That does make it more difficult to bootstrap, but was that the real problem?
> There is discontinuities are the boundaries between two neural nets,
> i.e., the evaluate the same position differently. For example, that may
> lead to the program refusing to break contact, as the contact neural net
> overestimates the contact position. As I remeber it the big problem with
> the BPG net was huge discontinuities at the boundaries.
>
> The conclusion was that we should avoid "loops". For example, currently
> we have:
>
>
> Contact ----------- Race ------ Bearoff
> \ /
> \__ Crashed __/
>
> so no loops. Another way to avoid the discontinuities is the meta-pi
> scheme, since this will make the evaluations continuous. The price is
> that you, in general, have to evaluate two neural nets.
Would two neural nets and a meta-pi system be better than one neural net of
twice the size? I don't see the advantage, abstractly, although I can imagine
that one would mainly focus on the race in a midpoint vs. midpoint contact
position. (On the other hand, Walter Trice mentioned a very interesting
midpoint vs. midpoint position that would be a big pass due to the race, but
was a take due to the pips wasted on repeated x-1's.)
I call the discontinuities "blemishes" after Boyan. I think both humans and
neural nets face a problem related to blemishes when considering radically
different positions that can result from playing doubles in different ways. It
hardly matters if the contact net is used to evaluate both a blitz and an
outside prime, as there is little reason for the evaluations to be consistent.

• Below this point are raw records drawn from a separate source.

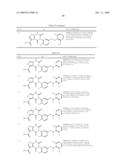 FUSED HETEROCYCLIC DERIVATIVE, MEDICINAL COMPOSITION CONTAINING THE SAME, AND MEDICINAL USE THEREOF diagram and image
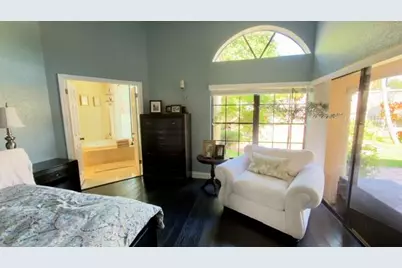 706 Via Genova, Deerfield Beach, FL 33442 - Photo 32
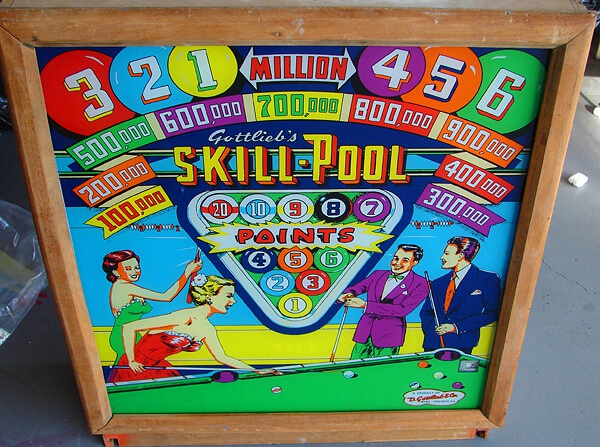 Skill Pool_1952 08 01
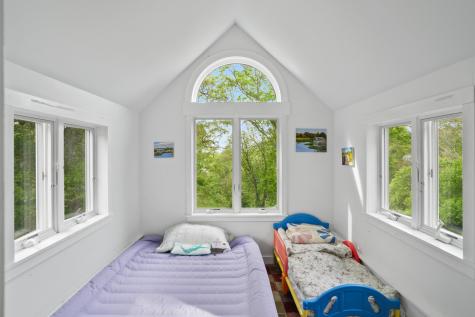 20 James Pond Way West Tisbury MA 02575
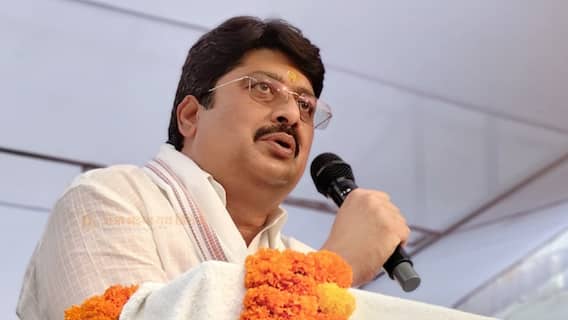 मानहानि केस में भानवी सिंह को अदालत से राहत, राजा भैया और उनकी साली को नोटिस जारी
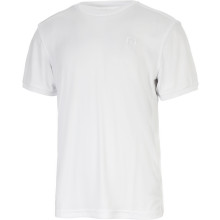 CAMISETA TACCHINI TCP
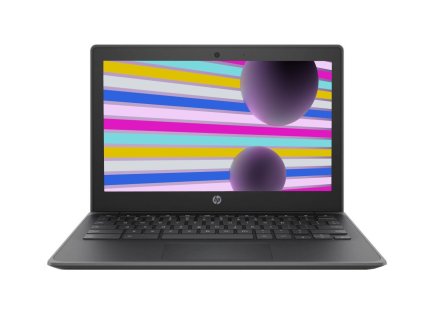 _HP Chromebook 11 G8 EE-5.jpg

One solution I try in my own play is to be able to produce better absolute
evaluations, e.g., "After this move, am I the favorite? Should I accept if my
opponent offers me a point on a 2-cube?" This has prevented a few massive
blunders, and I think it is actually a strength of bots, not a weakness.
How did you try to find a representative set of data to train the backgame net?
Is there an archive of the discussions?